The road from LSTF to Access Fund

So, alas, we’ve come to the end of the Local Sustainable Transport Fund. For many this is a time of transition – with successful initiatives beginning life after LSTF, other initiatives being downgraded or mothballed, and team members moving on to new challenges.

It should also be a time of celebration after five years of hard work. So congratulations to all projects and their teams! For your local successes, as well as for helping to advance the art of sustainable transport nationally over the last five years. We are a bigger, more experienced and more competent profession now as a result of your endeavors. So thank you for all your hard work.

Local Sustainable Transport Fund: What Works

The Department for Transport (DfT) has already published some of the research it has commissioned looking at the impact of LSTF. There will be more over the coming months. You can find this on the DfT website.

As part of this, the Department will shortly publish ‘What Works: Learning from the Local Sustainable Transport Fund’. This report reviews best practice from LSTF, as well as outlines a host of lessons learnt by practitioners on the ground. As well as overall sustainable transport programme strategy, What Works looks in particular at how to improve bus, cycle and rail travel; provide sustainable travel options for commuters and jobseekers; and market sustainable travel.

This report will be an invaluable reference guide for those designing and delivering sustainable transport programmes in the future. As our lead consultant Beth Hiblin is one of its co-authors, we’ll be publishing What Works here as soon as it is available.

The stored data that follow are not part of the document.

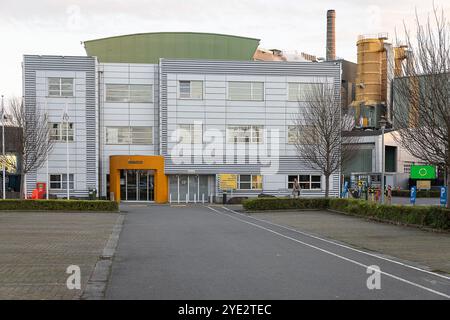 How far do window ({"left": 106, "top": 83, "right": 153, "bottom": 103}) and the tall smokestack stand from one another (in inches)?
1339

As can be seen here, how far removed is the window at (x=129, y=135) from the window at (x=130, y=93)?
2312mm

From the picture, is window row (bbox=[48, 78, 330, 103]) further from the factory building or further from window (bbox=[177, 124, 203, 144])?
window (bbox=[177, 124, 203, 144])

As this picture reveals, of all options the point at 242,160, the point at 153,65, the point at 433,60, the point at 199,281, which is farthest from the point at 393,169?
the point at 199,281

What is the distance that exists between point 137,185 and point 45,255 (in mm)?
32706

Sustainable Travel Transition Year

Sustainable transport practitioners across England are now focused on what happens next, but for those who haven’t already secured other funding like Cycle City Ambition or Growth Fund, this is a waiting game. Many are waiting to hear if their bids for a portion of the £20m (revenue) Sustainable Travel Transition Year funding for 2016/17 have been successful. Others are waiting for the DfT to make further announcements about the Access Fund, or to move ahead with the plans outlined in the (currently draft) Cycling and Walking Investment Strategy.

Access Fund

The Access Fund will be formally launched later in 2016, once DfT has decided how it is going to run this next round of sustainable transport funding. It will share out £60 million revenue and £500 million capital funding across England (excl. London) between 2017 and 2020. It is likely to prioritise sustainable and accessible transport projects which help people access work, training, education and services; as well as those which help improve walking and cycling.

With the Government unable to make major announcements in the periods of purdah before the May local elections and the EU referendum, it may be some time before our waiting game is over.

In the Meantime…

If you’re hoping to win Transition Year funding then get your project management ducks in a row. With less than a year to deliver your project you’ll need to be ready to go straight away.

If you are serious about winning Access Fund money, start doing the groundwork for developing your bid now. The revenue element of this funding pot is much smaller than for LSTF, so competition will be fierce. The capital element of your bid will need to be deliverable within a relatively short timescale. So your plans will need to be watertight, and you’ll have to be able to hit the ground running.

So start working up your ideas and sounding out potential partners and stakeholders to get their support now. Once your bid is in, it might even be worth looking at the practicalities of recruitment, procurement, baseline monitoring and other initial tasks – so you’re ready to go as soon as funding is announced. A little ‘loss leader’ time invested now could pay dividends in terms of winning funding and maximising the success of your project.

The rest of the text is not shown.